● **Records supplied**:
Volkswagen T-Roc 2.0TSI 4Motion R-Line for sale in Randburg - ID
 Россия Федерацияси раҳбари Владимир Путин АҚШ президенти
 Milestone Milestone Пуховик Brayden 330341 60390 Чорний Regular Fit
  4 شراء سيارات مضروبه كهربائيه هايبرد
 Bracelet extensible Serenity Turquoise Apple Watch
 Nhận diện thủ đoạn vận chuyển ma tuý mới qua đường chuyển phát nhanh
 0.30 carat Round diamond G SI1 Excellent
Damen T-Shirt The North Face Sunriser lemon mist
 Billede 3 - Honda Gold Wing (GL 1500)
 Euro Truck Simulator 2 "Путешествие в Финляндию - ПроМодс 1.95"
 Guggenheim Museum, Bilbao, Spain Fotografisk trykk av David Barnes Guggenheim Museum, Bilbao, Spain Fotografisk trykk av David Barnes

● **What is expected**: Your answer should be the exact lines above from the one with "4 شراء سيارات مضروبه كهربائيه هايبرد" through the one with "Euro Truck Simulator", both included, and nothing besides.

● **Result**:
  4 شراء سيارات مضروبه كهربائيه هايبرد
 Bracelet extensible Serenity Turquoise Apple Watch
 Nhận diện thủ đoạn vận chuyển ma tuý mới qua đường chuyển phát nhanh
 0.30 carat Round diamond G SI1 Excellent
Damen T-Shirt The North Face Sunriser lemon mist
 Billede 3 - Honda Gold Wing (GL 1500)
 Euro Truck Simulator 2 "Путешествие в Финляндию - ПроМодс 1.95"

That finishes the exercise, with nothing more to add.